Всё началось с дождей. Нудные осенние дожди, словно по забывчивости перешедшие на территорию зимы, казалось, уже сами себе надоели. Наш герой любил дожди, но сейчас он всем сердцем жаждал солнечную или хотя бы морозную погоду и хрустящий снег. Переключить дождь на снег он не мог. Эти полномочия были лишь у небесного ведомства. Но на него вдруг напало безудержное желание перемен. Он чувствовал себя так, словно в нём завели моторчик. От внутреннего волнения не знал, куда себя деть.
Целый час сидел за письменным столом, уставившись на плывущие серые облака. Окно его кабинета, как громадный экран телевизора, показывало большую стирку в небесах. Он был так занят этой картиной, что не только не скучал по потерянному только что смыслу жизни, но даже радовался какому-то неосознанному пока освобождению, слушая звуки заведённого внутри себя нового механизма. Сегодняшний день был одним из тех редких периодов в его работе, когда он позволял себе сказать другим: «Меня нет». И его в какой-то степени действительно не было, он растворился в роли наблюдателя, был сопричастен тому, что происходило намного выше его самого и этого здания, выше земли — небеса затянули его в свою генеральную уборку.

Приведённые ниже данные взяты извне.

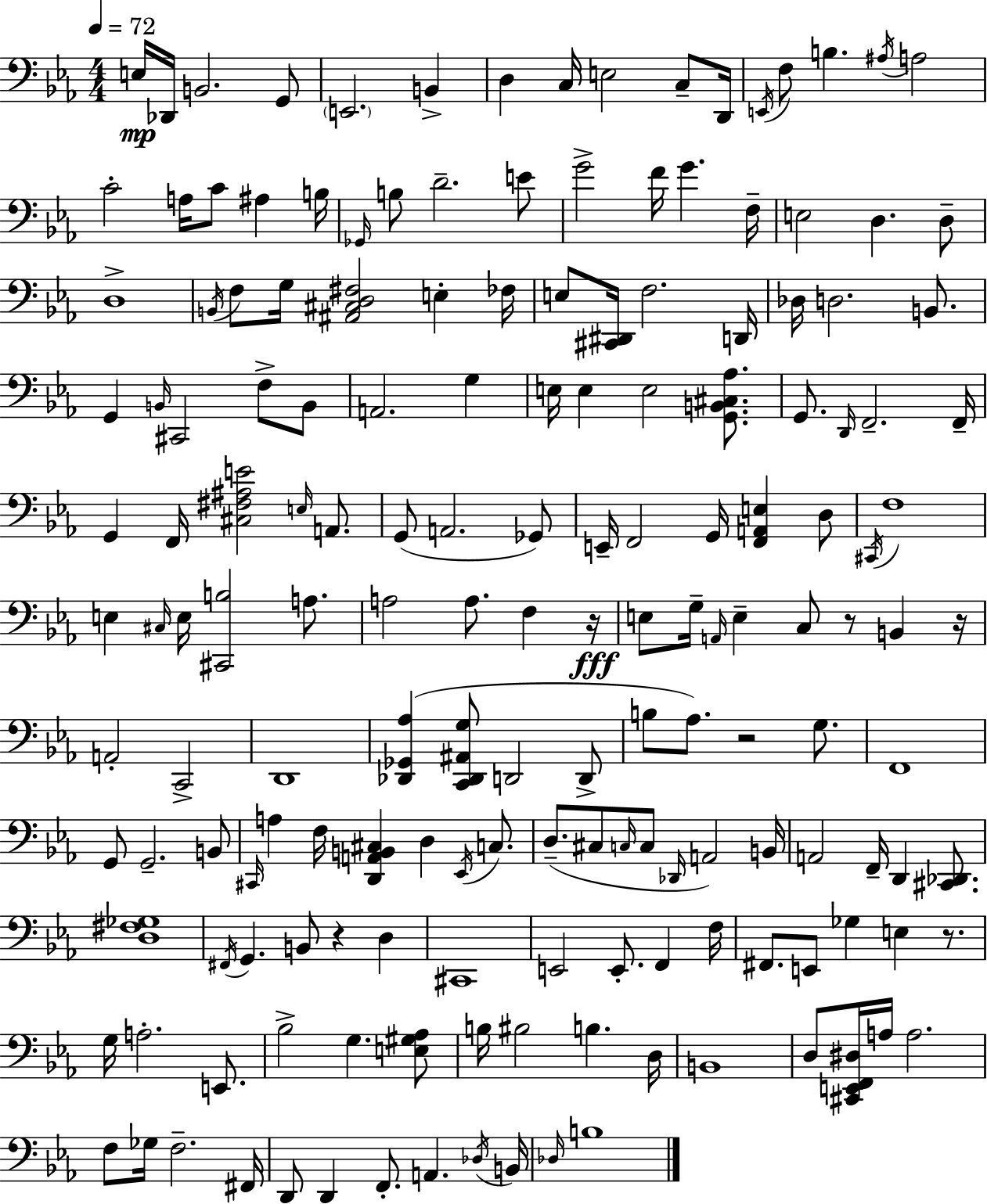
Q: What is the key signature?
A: EES major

«И вправду: что будет, когда меня не будет, — размышлял он. — А ничего, — отвечал сам себе. — Жизнь потечёт своим чередом. Кажется, моя жизнь давно проходит мимо меня, а я лишь изредка посматриваю на неё с высоты. Может быть, мне махнуть куда-нибудь далеко-далеко и я там встречусь сам с собой? “Здравствуй, человечишко”, — скажу я себе. “Здрасьте”, — ответит я. Стоп! Кажется, шизофренею. Такое раздвоение добром не кончится». И он снова погрузился наблюдать за медленными перестановками серой небесной гущи.
Зазвонил телефон. Он лениво повернул голову и прищурился, чтобы увидеть номер на экране, и вспышка радости осветила понурое лицо. Это звонил старый друг, который был вместо отца. Известный врач и странный человек. На пике своей карьеры он решил уйти с престижной работы, чтобы открыть небольшую частную клинику. Затем он стал путешествовать по восточным странам, принял Ислам, женился на мусульманке и вдруг всем объявил, что «стал нормальным и счастливым человеком».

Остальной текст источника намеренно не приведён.